The most recent framework, Global Digital Humanities (GDH), emerged around 2010 as a direct challenge to the Western-centric assumptions embedded in earlier frameworks. GDH argues that the standards, tools, and theories of digital archives have been developed primarily in North America and Europe, and that they often fail to accommodate non-Western languages, scripts, oral traditions, and knowledge systems. For example, Dublin Core metadata assumes a bibliographic model that may not fit Indigenous oral histories or Islamic manuscript traditions. GDH calls for multilingual, multicultural, and decolonial approaches to digital curation. It pushes Digital Archives and Curation to adapt its standards—or to recognize that local practices may be more appropriate than global ones. GDH also intersects with Critical Digital Humanities by foregrounding questions of power and colonialism, and with Public Digital Humanities by insisting that communities should control their own heritage.

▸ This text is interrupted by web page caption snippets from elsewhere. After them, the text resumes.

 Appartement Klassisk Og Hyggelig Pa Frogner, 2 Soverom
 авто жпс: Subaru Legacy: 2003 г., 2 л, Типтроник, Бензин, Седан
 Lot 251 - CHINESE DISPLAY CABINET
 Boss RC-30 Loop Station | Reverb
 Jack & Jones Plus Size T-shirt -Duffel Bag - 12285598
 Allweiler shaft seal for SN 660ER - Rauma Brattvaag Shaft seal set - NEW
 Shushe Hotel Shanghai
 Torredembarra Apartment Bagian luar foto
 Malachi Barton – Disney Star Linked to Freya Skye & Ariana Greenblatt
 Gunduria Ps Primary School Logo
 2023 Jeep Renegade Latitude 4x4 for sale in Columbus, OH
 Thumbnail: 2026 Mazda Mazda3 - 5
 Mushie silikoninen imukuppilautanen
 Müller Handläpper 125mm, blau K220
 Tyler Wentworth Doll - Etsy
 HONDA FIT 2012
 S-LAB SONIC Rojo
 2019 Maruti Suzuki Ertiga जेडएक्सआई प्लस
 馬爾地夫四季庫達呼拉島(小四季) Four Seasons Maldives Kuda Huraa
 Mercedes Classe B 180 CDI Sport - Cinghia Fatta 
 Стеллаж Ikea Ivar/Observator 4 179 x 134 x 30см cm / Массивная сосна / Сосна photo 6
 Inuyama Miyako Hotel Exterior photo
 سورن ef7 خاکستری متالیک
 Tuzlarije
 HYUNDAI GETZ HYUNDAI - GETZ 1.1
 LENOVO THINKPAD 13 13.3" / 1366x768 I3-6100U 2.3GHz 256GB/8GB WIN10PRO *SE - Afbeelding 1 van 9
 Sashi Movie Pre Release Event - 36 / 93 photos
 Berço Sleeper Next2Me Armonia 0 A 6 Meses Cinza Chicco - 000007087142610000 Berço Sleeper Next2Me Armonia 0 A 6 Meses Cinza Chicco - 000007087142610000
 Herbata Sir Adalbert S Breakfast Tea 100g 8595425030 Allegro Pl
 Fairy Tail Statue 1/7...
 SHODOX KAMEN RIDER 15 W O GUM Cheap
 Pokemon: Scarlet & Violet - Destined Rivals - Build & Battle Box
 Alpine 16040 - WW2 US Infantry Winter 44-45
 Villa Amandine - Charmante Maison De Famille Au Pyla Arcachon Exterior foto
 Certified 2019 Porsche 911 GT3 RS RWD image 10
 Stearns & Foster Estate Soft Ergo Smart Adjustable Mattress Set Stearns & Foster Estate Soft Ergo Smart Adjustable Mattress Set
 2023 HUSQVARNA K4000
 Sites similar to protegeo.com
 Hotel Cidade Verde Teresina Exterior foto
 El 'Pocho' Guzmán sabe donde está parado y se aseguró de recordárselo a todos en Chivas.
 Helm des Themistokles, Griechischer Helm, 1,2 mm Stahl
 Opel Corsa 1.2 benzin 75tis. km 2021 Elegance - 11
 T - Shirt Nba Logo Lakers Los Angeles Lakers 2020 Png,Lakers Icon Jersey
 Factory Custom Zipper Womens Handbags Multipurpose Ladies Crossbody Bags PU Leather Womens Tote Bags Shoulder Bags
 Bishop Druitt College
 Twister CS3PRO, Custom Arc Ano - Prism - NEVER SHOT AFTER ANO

The tension between GDH and the earlier curation framework is particularly sharp: where curation seeks interoperability through shared standards, GDH argues that interoperability should not come at the cost of erasing local specificity.
Today, all five frameworks remain active, and their relationships define the subfield’s intellectual landscape. Digital Archives and Curation continues to provide the technical infrastructure—standards, repositories, preservation workflows—that make digital collections possible. Critical Digital Humanities ensures that this infrastructure is examined for bias and power. Public Digital Humanities pushes collections outward, engaging non-academic audiences and co-creators. Global Digital Humanities insists that the field must reckon with its own geographic and cultural limitations. There is broad agreement that digital archives are not neutral and that community involvement is valuable. But disagreements persist: Should standards be universal or local? Should preservation prioritize authenticity or adaptability? Who should control access—institutions, communities, or individuals? These debates are not weaknesses; they are the engine of the subfield. The challenge for students entering this field is not to choose one framework over the others, but to understand how each offers a different lens on the same fundamental question: how can digital technologies help us care for cultural heritage in ways that are rigorous, just, and inclusive?